* Problem to work on:
Set down each line of the material that follows exactly, and leave its pictures out.

* Supplied data:
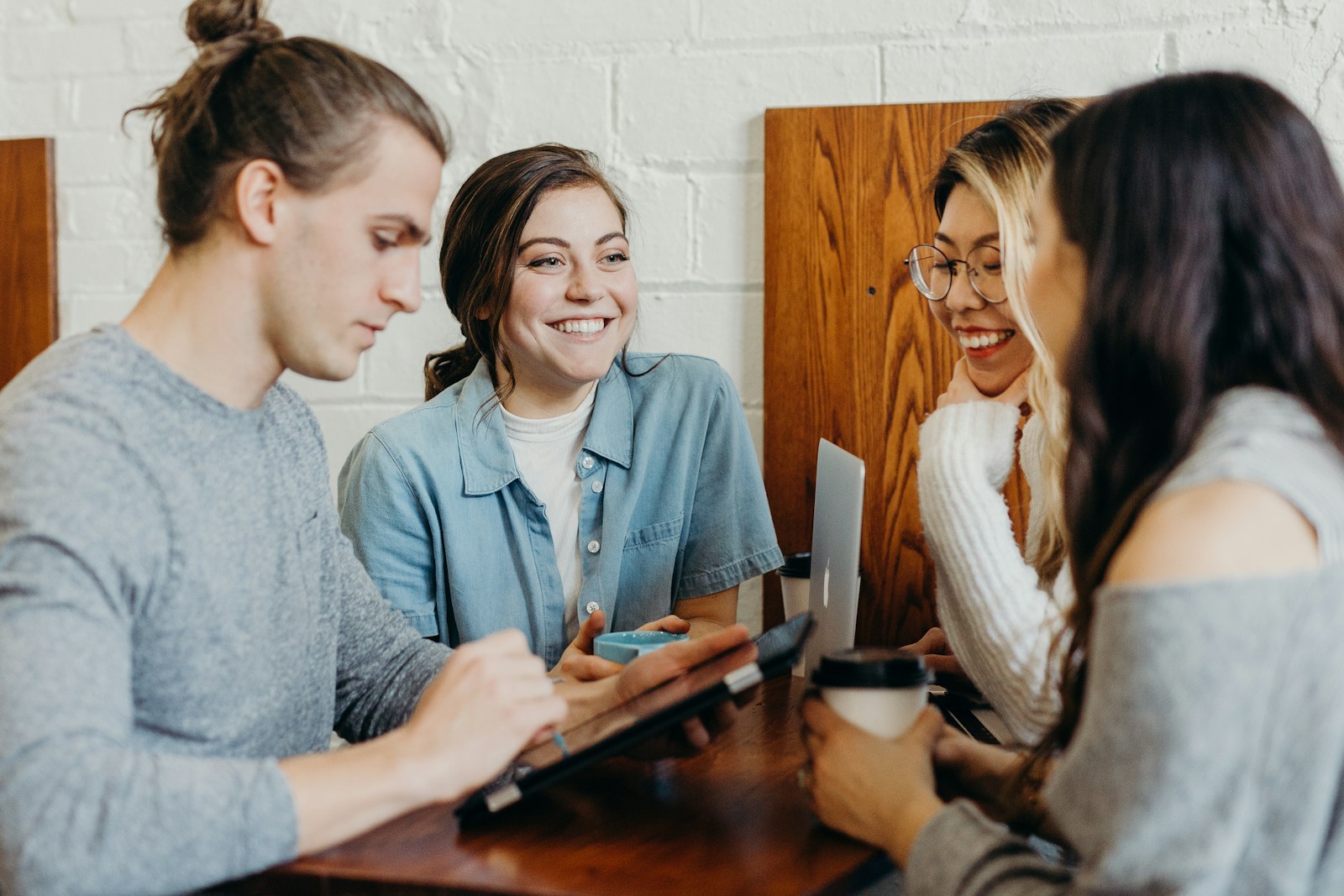 Young people collaborating at a shared table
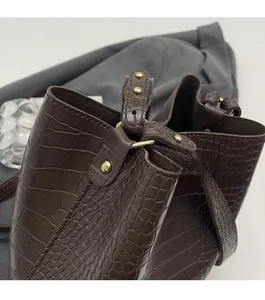 Detailed close-up of dark brown crocodile pattern bucket bag with shiny gold hardware accents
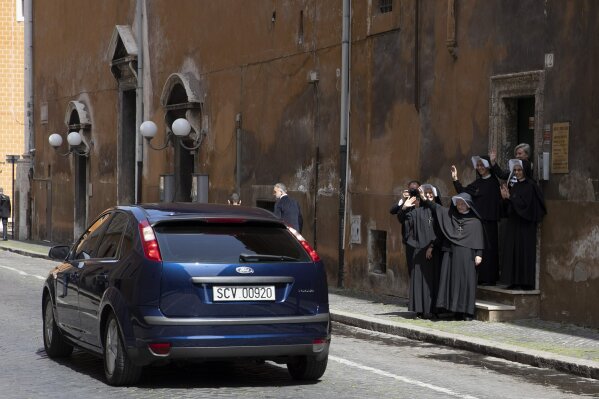 Nuns wave to Pope Francis as he leaves the Santo Spirito in Sassia Church where he celebrated a Mass, in Rome Sunday, April 19, 2020. (AP Photo/Alessandra Tarantino)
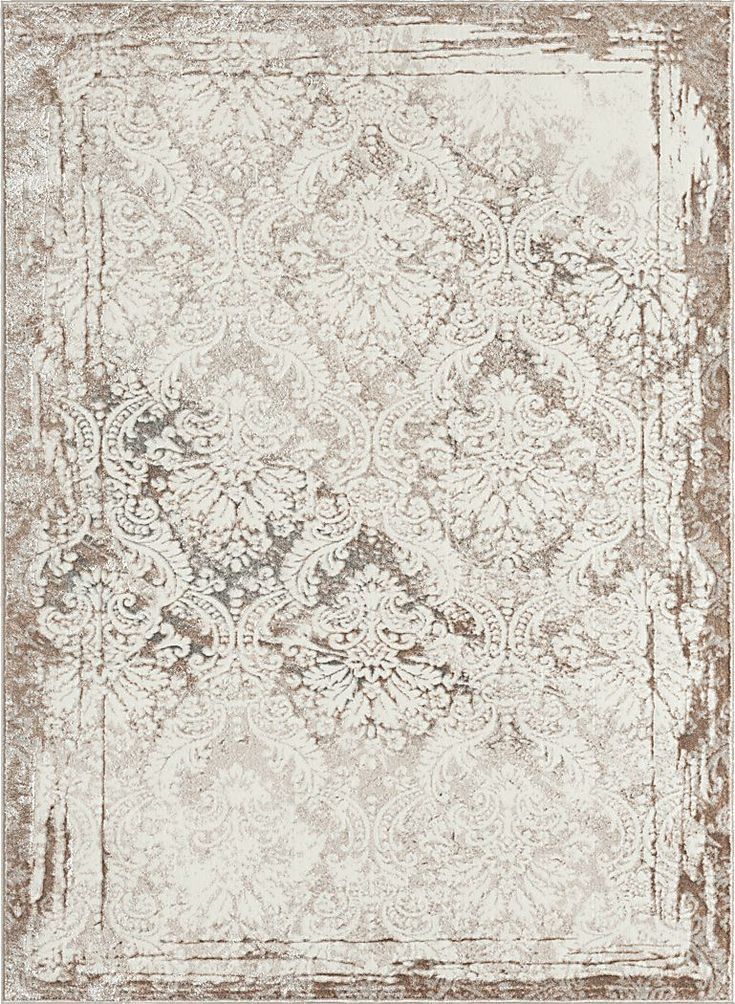 the back side of a piece of fabric with an ornate design in brown and white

* Result of this task:
 Young people collaborating at a shared table
 Detailed close-up of dark brown crocodile pattern bucket bag with shiny gold hardware accents
 Nuns wave to Pope Francis as he leaves the Santo Spirito in Sassia Church where he celebrated a Mass, in Rome Sunday, April 19, 2020. (AP Photo/Alessandra Tarantino)
 the back side of a piece of fabric with an ornate design in brown and white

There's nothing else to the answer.